### TASK REQUIREMENTS
Return, verbatim and in full, the records that follow, but not their pictures.

### INFORMATION PROVIDED
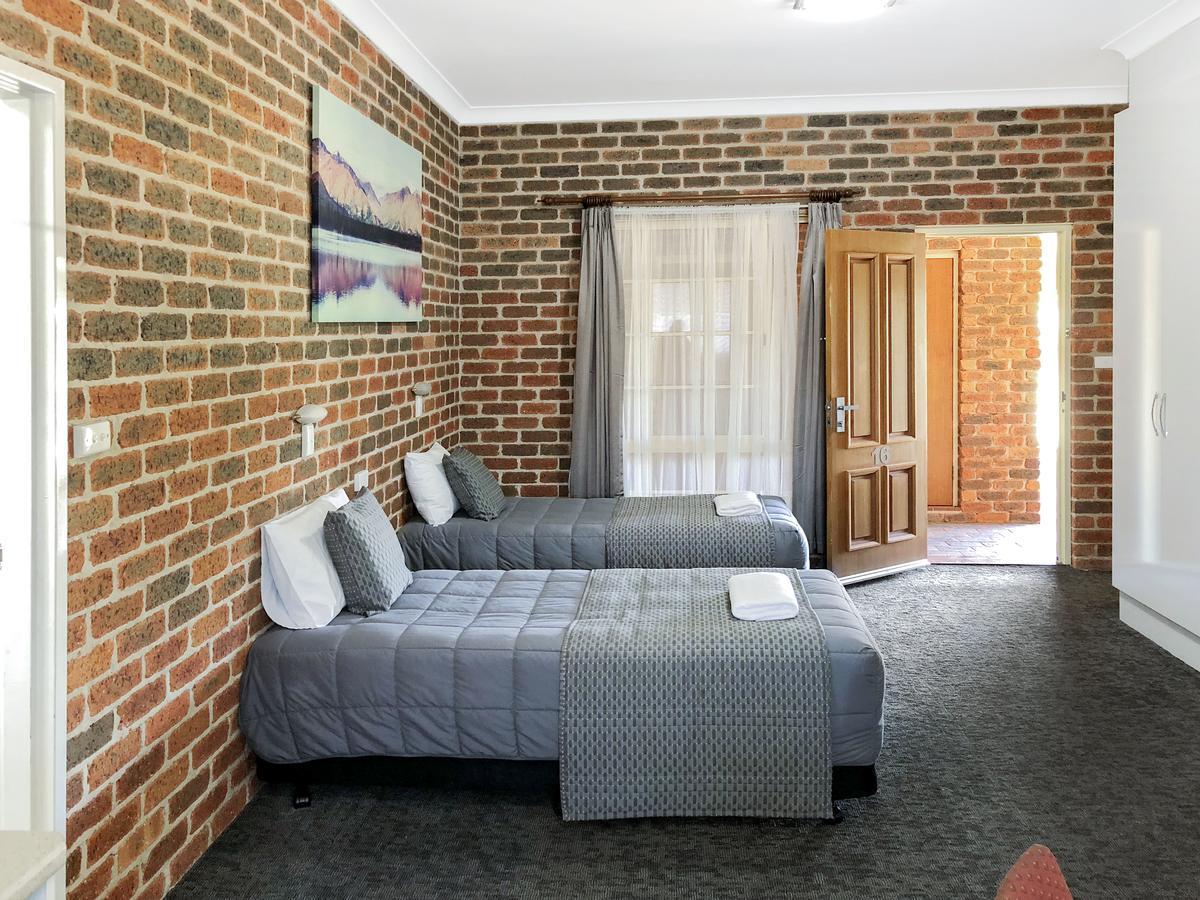 Leeton Heritage Motor Inn Bagian luar foto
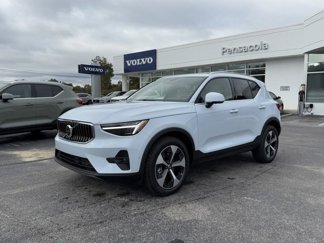 New 2025 Volvo XC40 B5 Plus w/ Protection Package Premier image 1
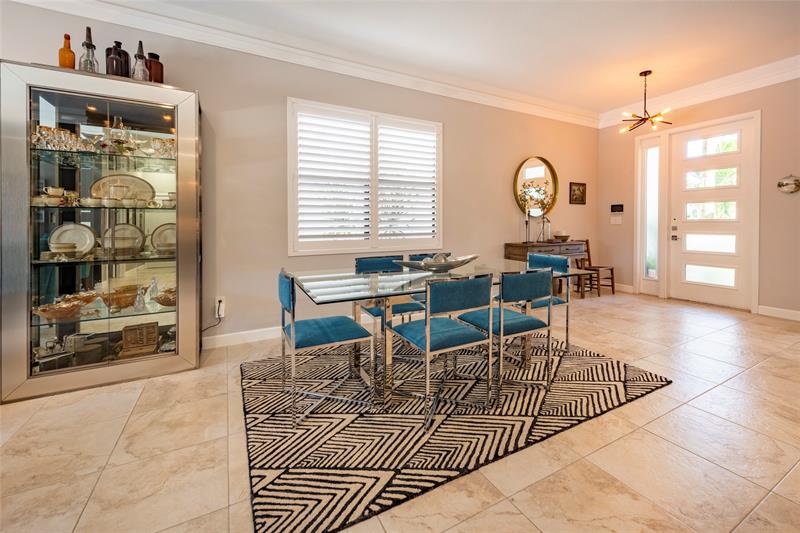 Image 8 of 30 For 4975 Whispering Way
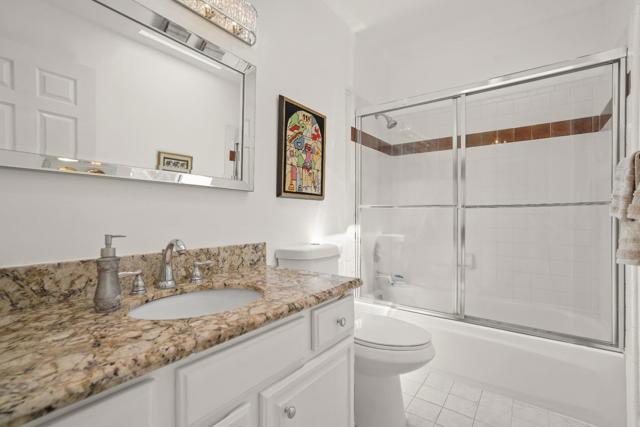 1500 Willow Avenue, Burlingame CA: https://media.crmls.org/mediaz/e6f22f07-c028-42ea-ae1c-599ea61b0cd8.jpg
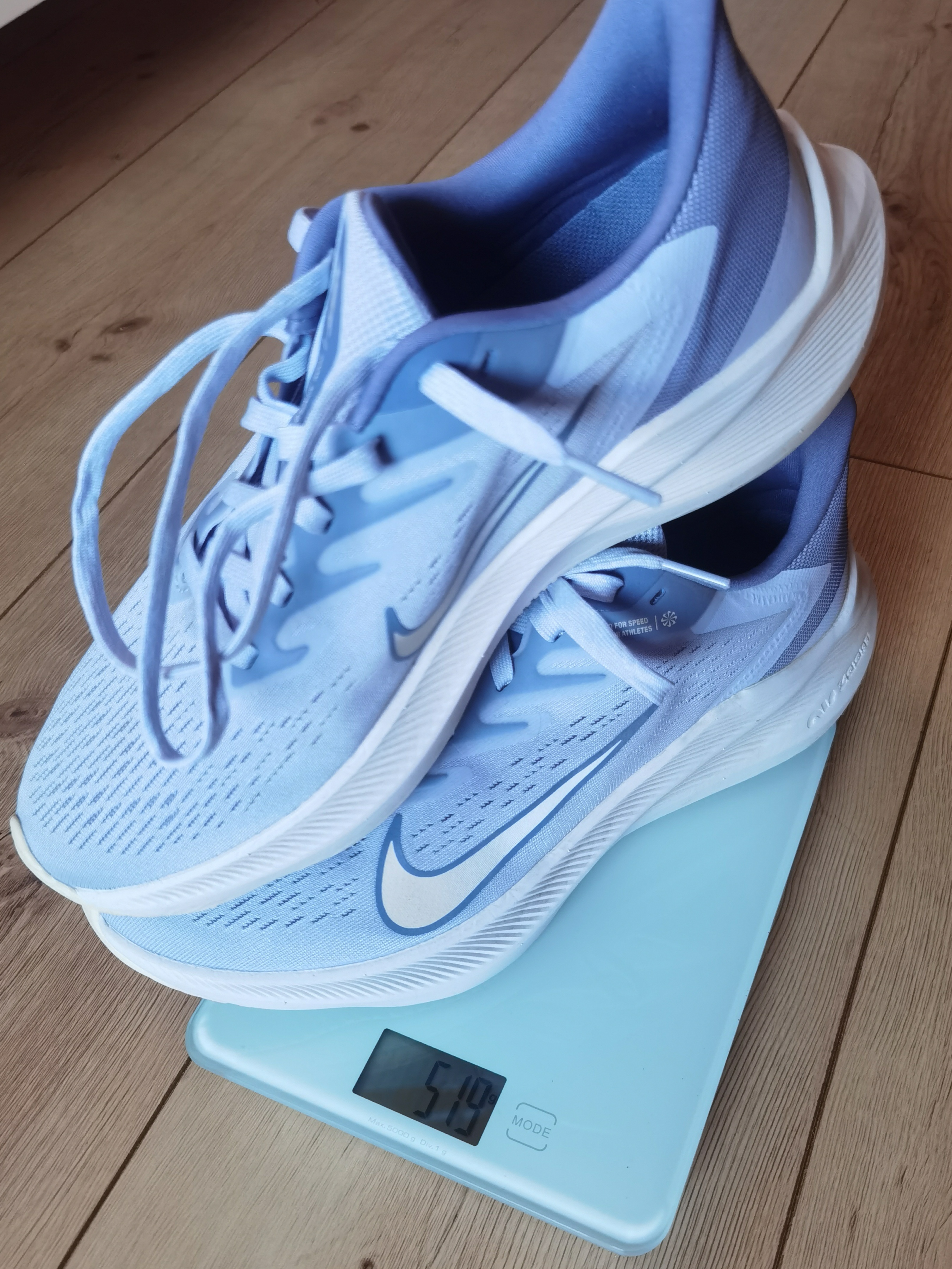 Schuhe auf der Waage
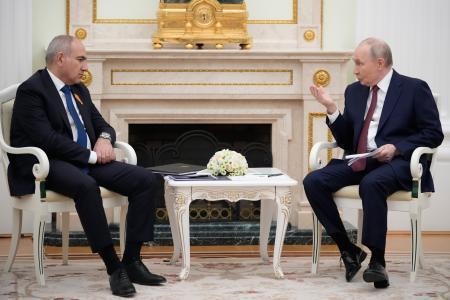 　モスクワで会談するアルメニアのパシニャン首相（左）とロシアのプーチン大統領＝４月１日（ＡＰ＝共同）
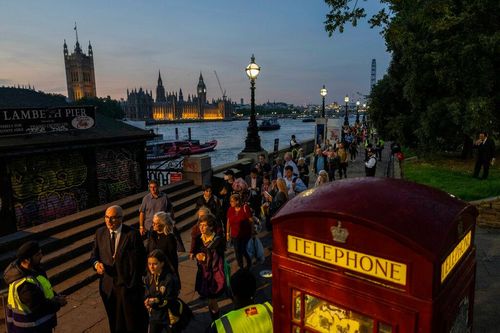 瞻仰英女王靈柩人龍要「苦排30小時」 可能提前一天喊卡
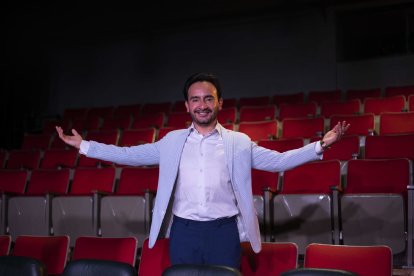 Delgado fue bailarín de la Compañía de Danza de la Universidad de Cuenca, presentando emblemáticas piezas en el teatro.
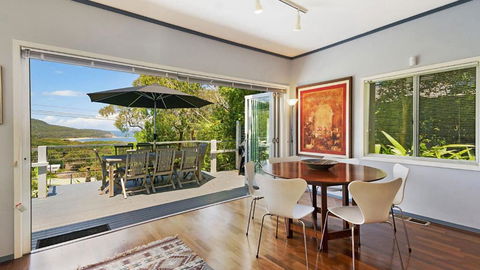 Short Stroll To Killcare Beach - Accommodation Gladstone 2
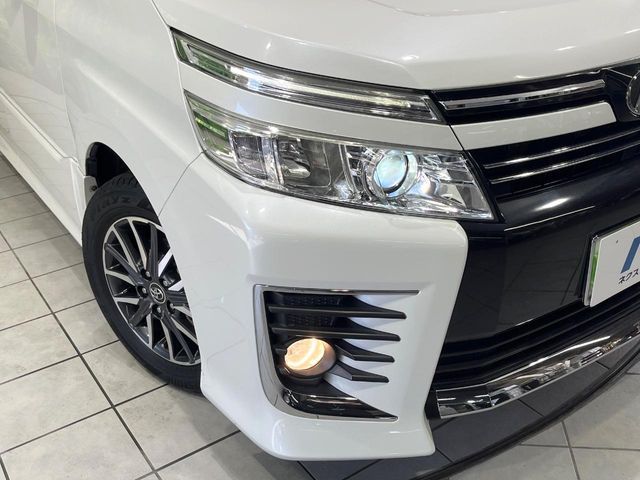 TOYOTA VOXY 2016 Image 31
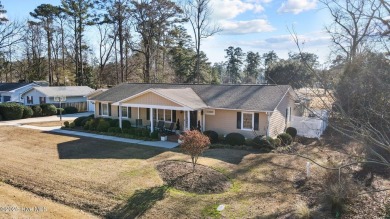 Beautifully detailed Trent Woods ranch on The New Bern Golf and on New Bern Golf and Country Club in North Carolina - for sale on GolfHomes.com, golf home, golf lot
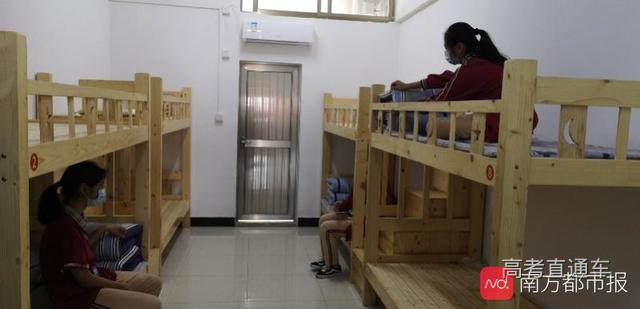 imagefile 东莞南城东晖实验学校,八人宿舍只安排四个人入住 南都记者 韩成良.jpg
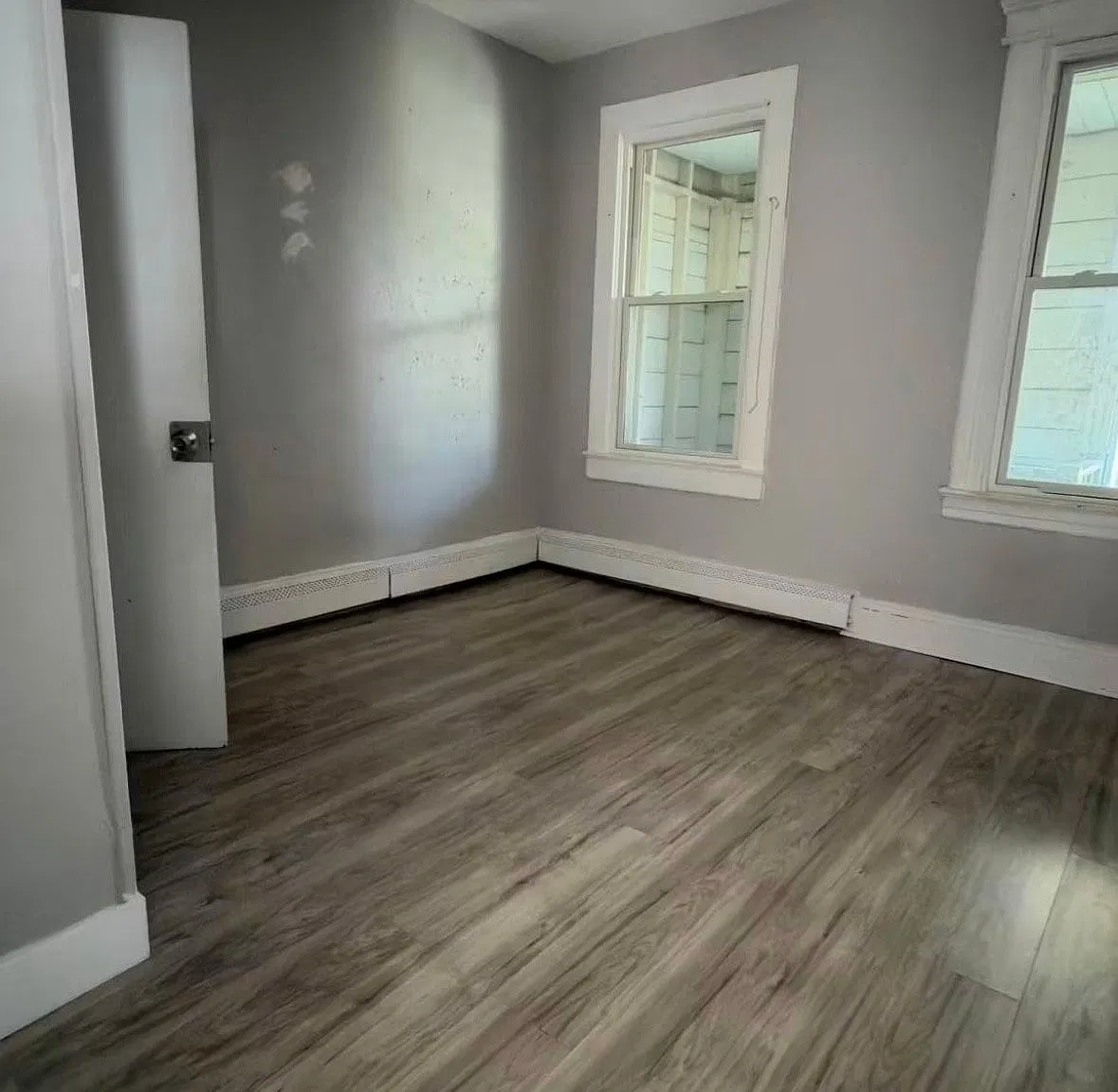 2 BR $1859/MO Elizabeth Nj — Photo 3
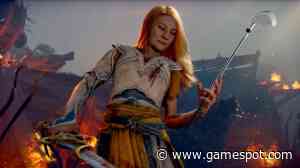 Watch God Of War Laufey Star Smash The Last Of Us Golf Club Prop On Her First Day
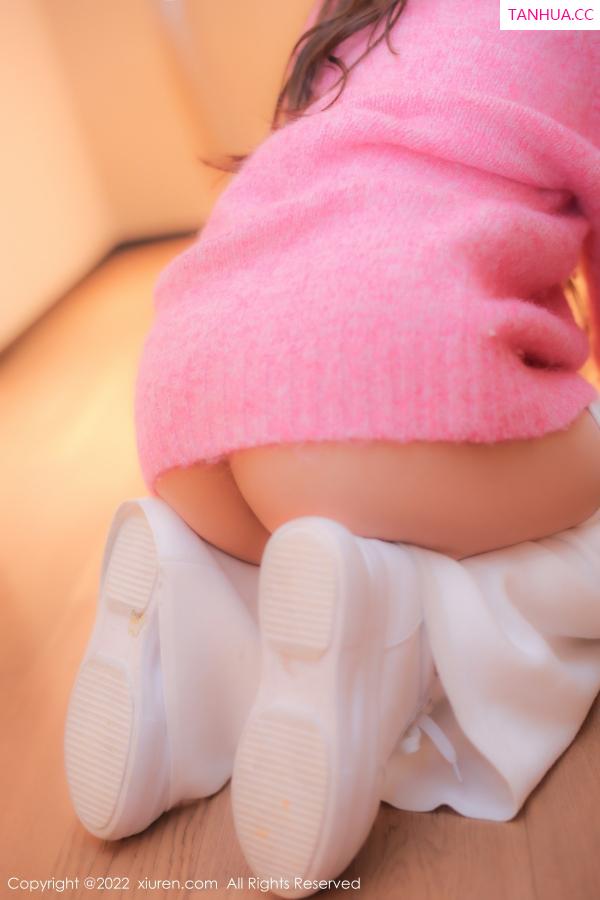  [XiuRen]高清写真图 2022.12.09 No.5975 美羊羊 美腿美臀第23张图片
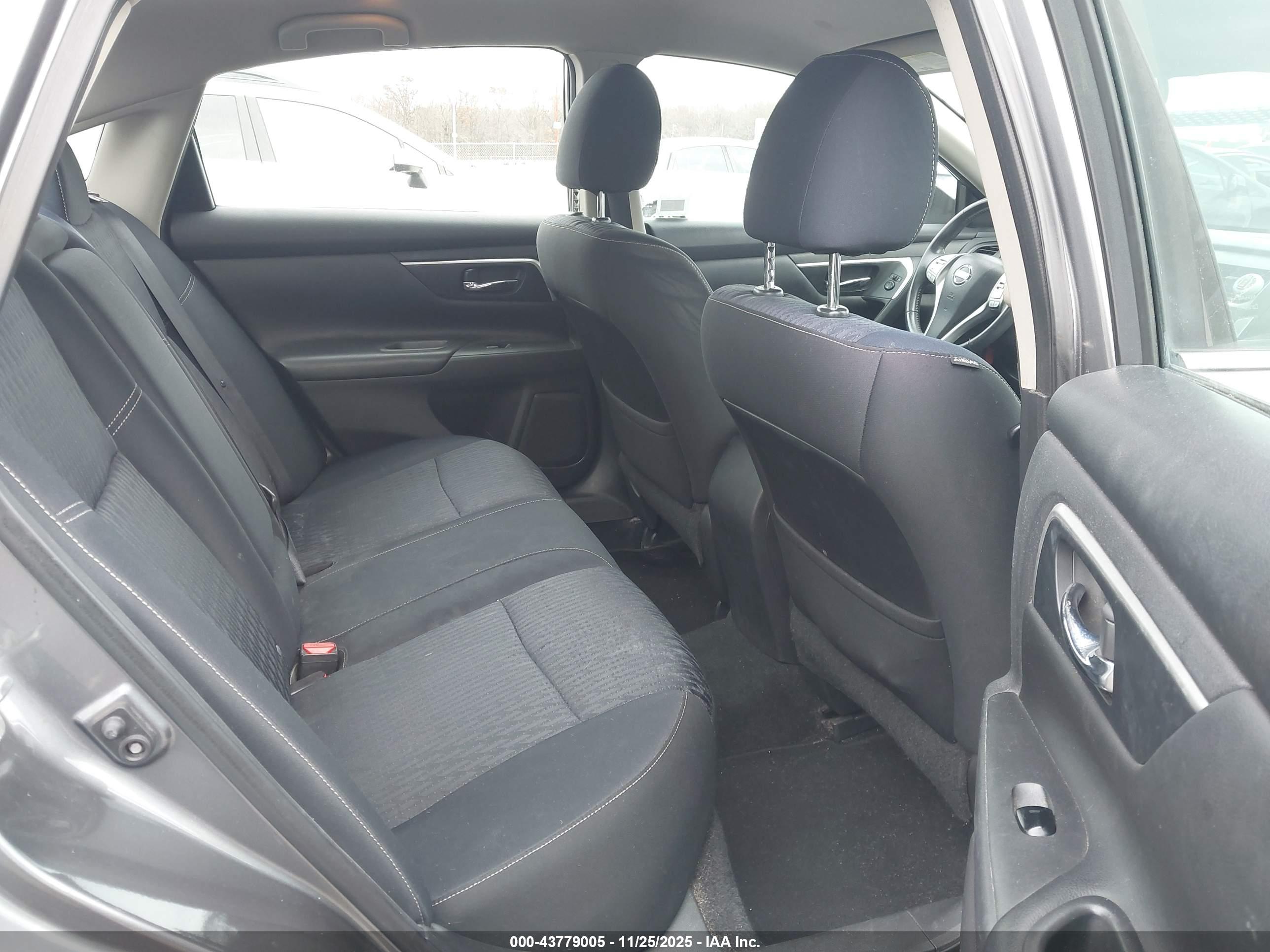 NISSAN ALTIMA image 8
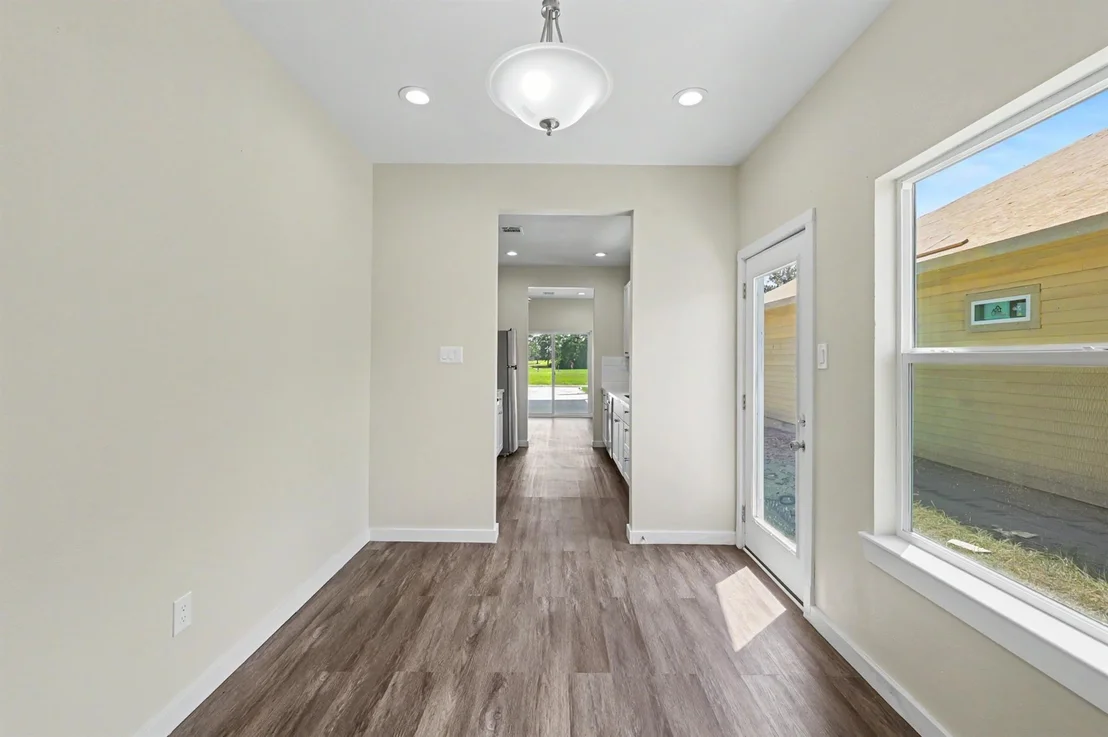 Photo of 50 Westlake West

### THE COMPLETED TASK
 Leeton Heritage Motor Inn Bagian luar foto
 New 2025 Volvo XC40 B5 Plus w/ Protection Package Premier image 1
 Image 8 of 30 For 4975 Whispering Way
 1500 Willow Avenue, Burlingame CA: https://media.crmls.org/mediaz/e6f22f07-c028-42ea-ae1c-599ea61b0cd8.jpg
 Schuhe auf der Waage
 　モスクワで会談するアルメニアのパシニャン首相（左）とロシアのプーチン大統領＝４月１日（ＡＰ＝共同）
 瞻仰英女王靈柩人龍要「苦排30小時」 可能提前一天喊卡
 Delgado fue bailarín de la Compañía de Danza de la Universidad de Cuenca, presentando emblemáticas piezas en el teatro.
 Short Stroll To Killcare Beach - Accommodation Gladstone 2
 TOYOTA VOXY 2016 Image 31
 Beautifully detailed Trent Woods ranch on The New Bern Golf and on New Bern Golf and Country Club in North Carolina - for sale on GolfHomes.com, golf home, golf lot
 imagefile 东莞南城东晖实验学校,八人宿舍只安排四个人入住 南都记者 韩成良.jpg
 2 BR $1859/MO Elizabeth Nj — Photo 3
 Watch God Of War Laufey Star Smash The Last Of Us Golf Club Prop On Her First Day
  [XiuRen]高清写真图 2022.12.09 No.5975 美羊羊 美腿美臀第23张图片
 NISSAN ALTIMA image 8
 Photo of 50 Westlake West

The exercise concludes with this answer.